§ **Required work**
All pictures are to be skipped; retype only the lines from the top of the entries through the line with "Benjamin Thomas remporte", both included.

§ **Source information**

=== Section Start ===

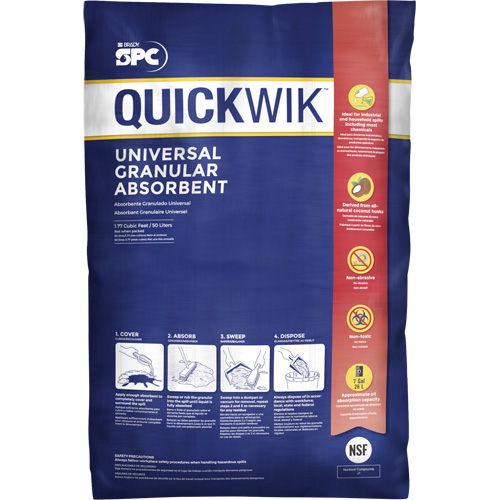 Quickwik Universal Granular Absorbent We Share Industrial Supply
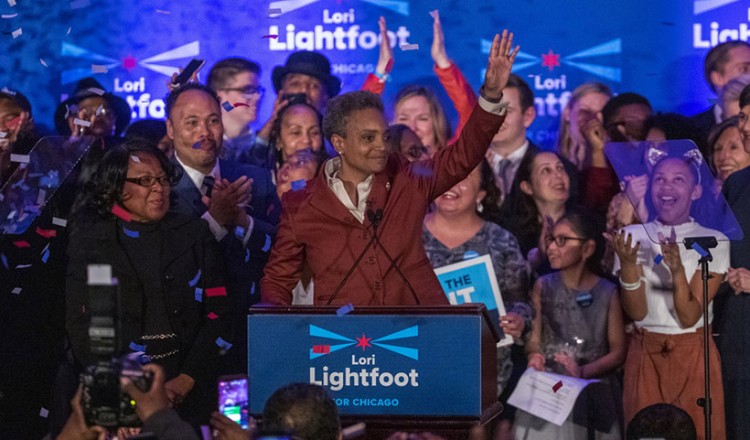 Αφροαμερικανίδα και ομοφυλόφιλη η νέα δήμαρχος του Σικάγο, Λόρι Λάιτφουτ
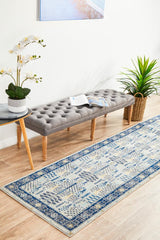 Legion Blue Transitional Rug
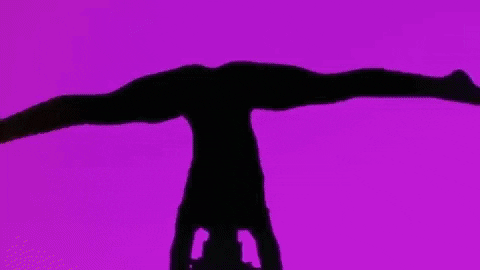 Dance Yoga GIF by Mario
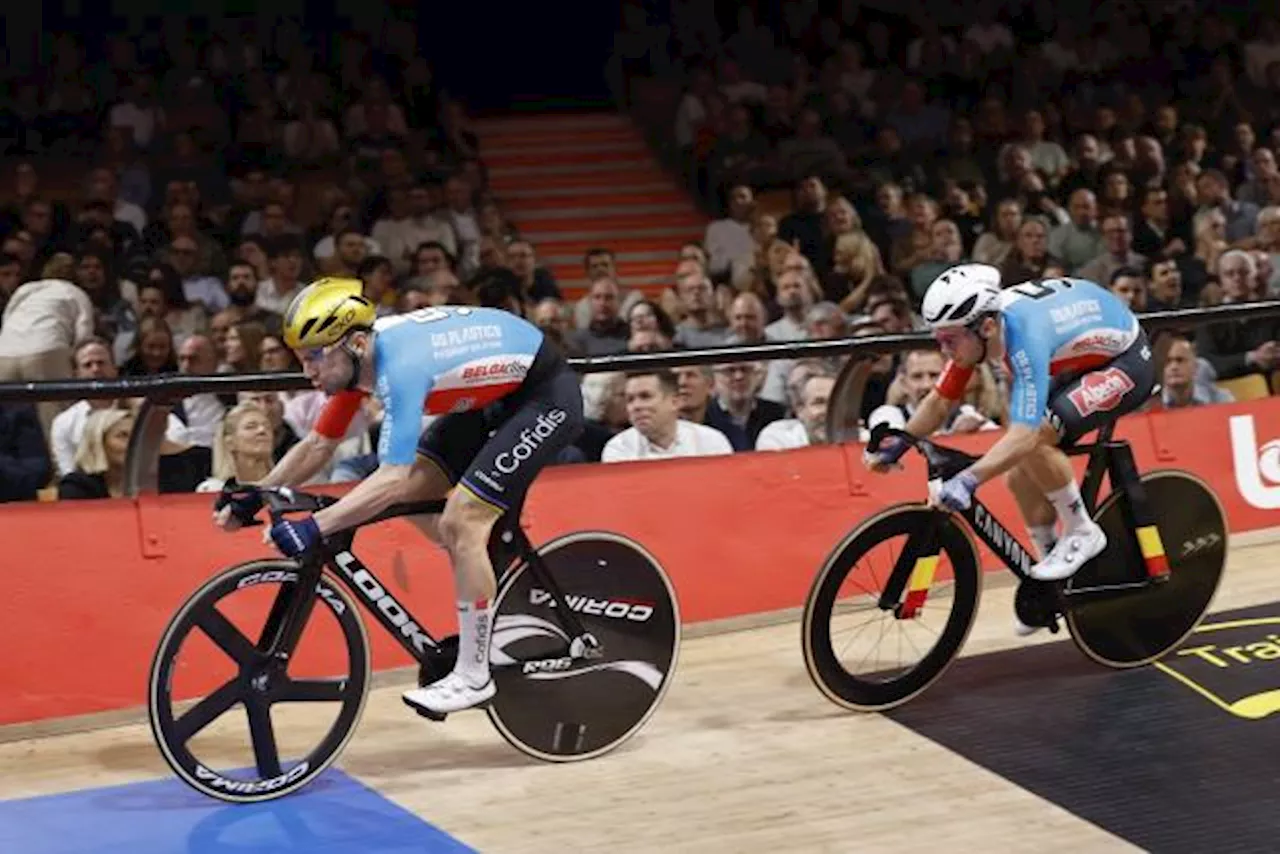 Benjamin Thomas remporte l'omnium aux Championnats de France de cyclisme sur piste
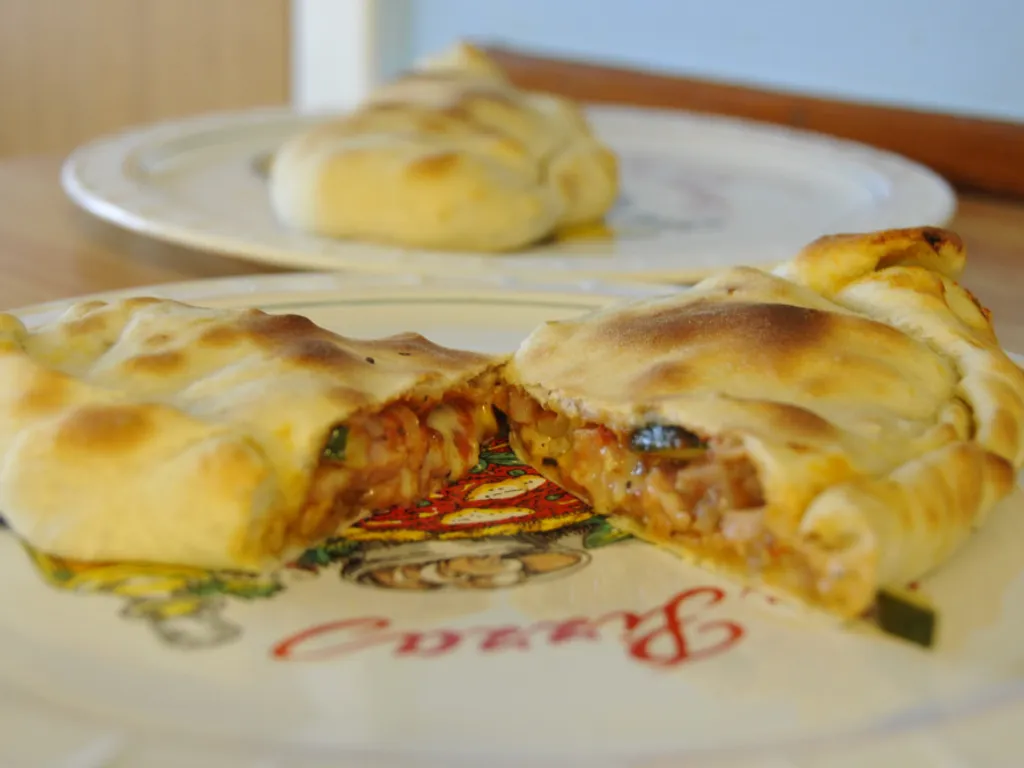 Povrtni calzone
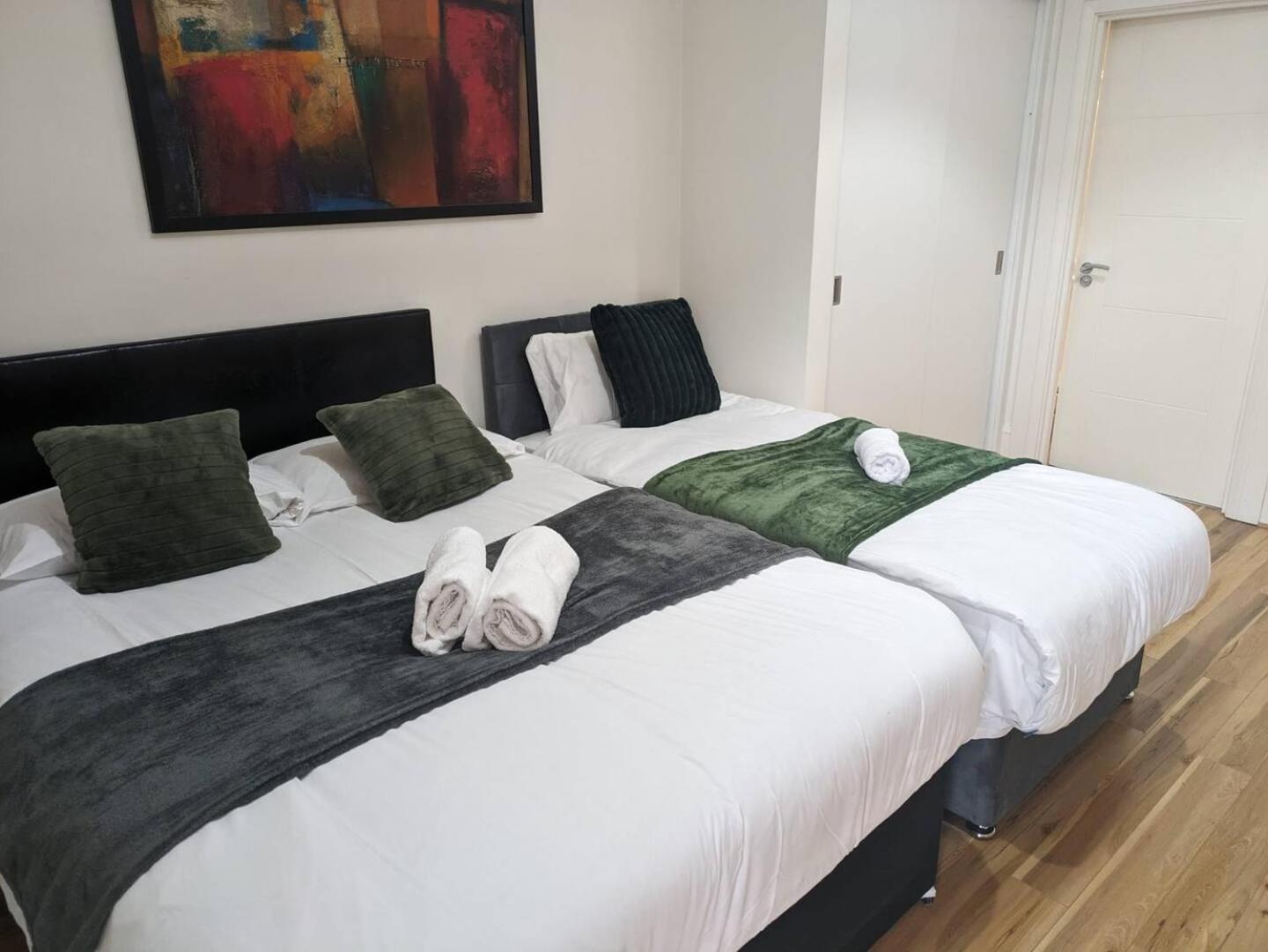 2Br Modern Luxury Loft Apartment Belfast Kültér fotó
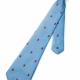 School uniform clip on tie, standard knot, custom made, plain, stripes, badged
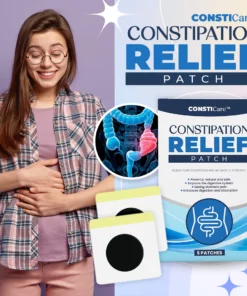 ConstiCare Constipation Relief Patch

=== Section End ===

§ **Expected answer**
 Quickwik Universal Granular Absorbent We Share Industrial Supply
 Αφροαμερικανίδα και ομοφυλόφιλη η νέα δήμαρχος του Σικάγο, Λόρι Λάιτφουτ
 Legion Blue Transitional Rug
 Dance Yoga GIF by Mario
 Benjamin Thomas remporte l'omnium aux Championnats de France de cyclisme sur piste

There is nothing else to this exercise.